Эрленд быстро повернулся и странно взглянул на нее.
– Я? А разве фру Осхильд… Почему вы так покраснели в тот вечер, узнав, кто я такой? – спросил он немного погодя.
Кристин опять покраснела, но ничего не ответила; тогда Эрленд снова спросил:
– Мне очень хотелось бы знать, что моя тетка говорила вам обо мне.
– Ничего, кроме хорошего, – быстро сказала Кристин. – Она очень хвалила вас. Она говорила, что вы так красивы и так знатны, что… Она сказала, что по сравнению с такими, как вы или как ее родня, нас нельзя считать особенно родовитыми – меня и мою родню!..
– Так она все еще говорит о таких вещах, сидя в своем захолустье? – сказал Эрленд и горько засмеялся. – Ну что же, если это может ее утешить… Она ничего больше не говорила обо мне?
– А что она могла говорить? – спросила Кристин; она сама не знала, почему у нее так сильно защемило сердце.
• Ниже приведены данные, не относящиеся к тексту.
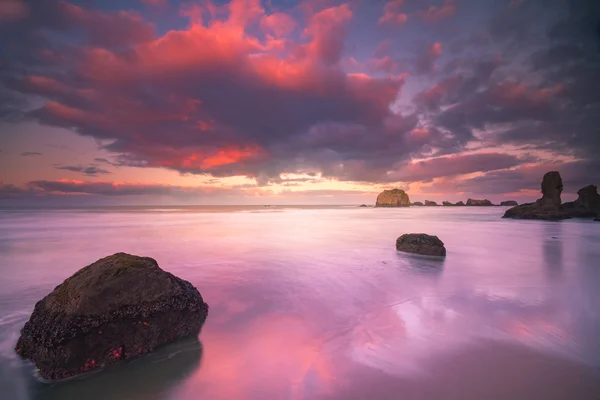 Coloridas nubes matutinas en la playa —  Fotos de Stock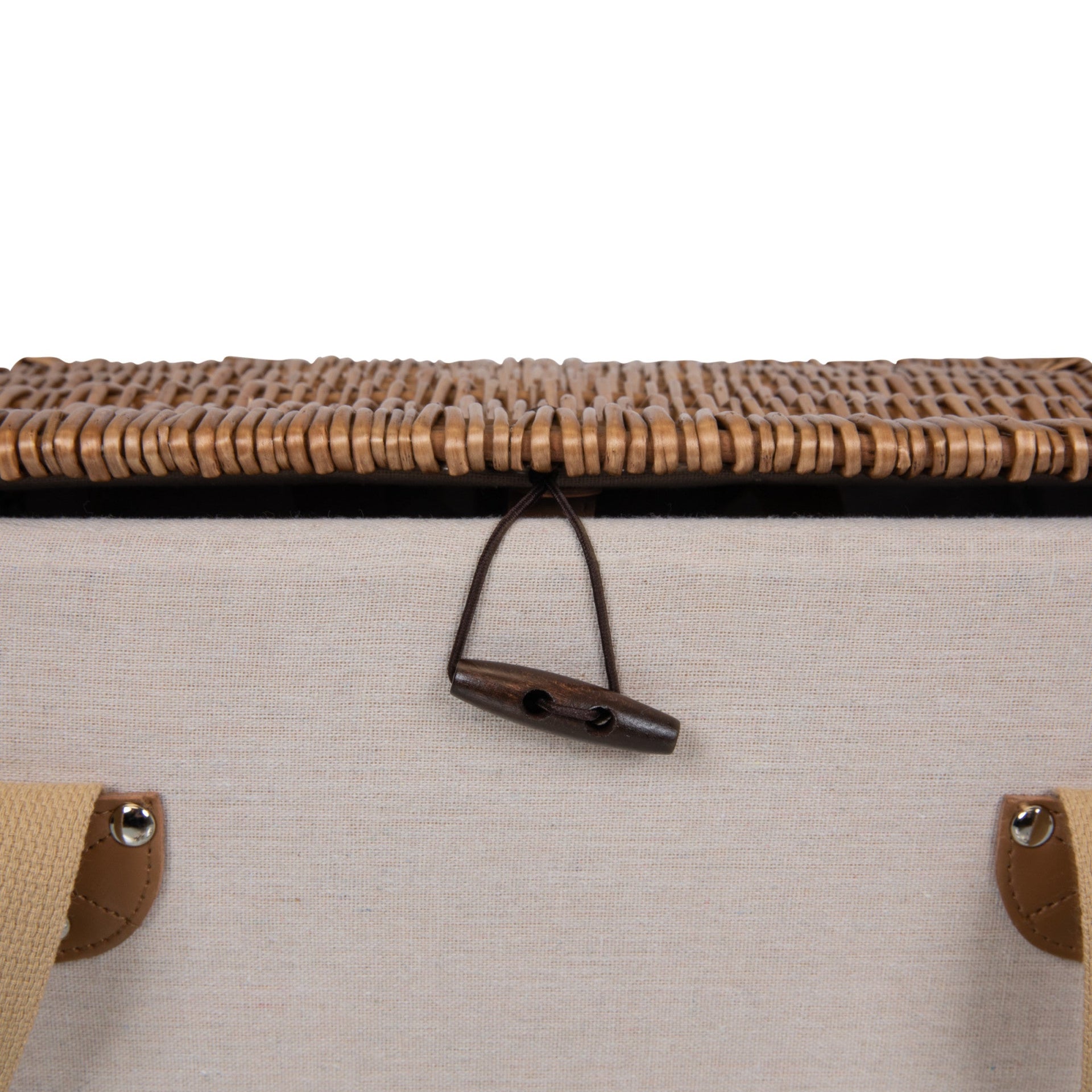 Lemongrove Picnic Basket for 2 - Bees & Lemons Picnic Time Family of Brands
– О, она могла бы сказать… – отвечал Эрленд тихим голосом, глядя вниз, – она могла сказать, что я был отлучен от церкви и должен был дорого заплатить за примирение и покой.
Кристин долго молчала. Потом сказала тихо:
– Есть много людей, которым не улыбнулось счастье, – я часто слышала такие слова. Я мало знаю свет, но никогда не поверю о вас, Эрленд, что это было за какое-нибудь… бесчестное… дело.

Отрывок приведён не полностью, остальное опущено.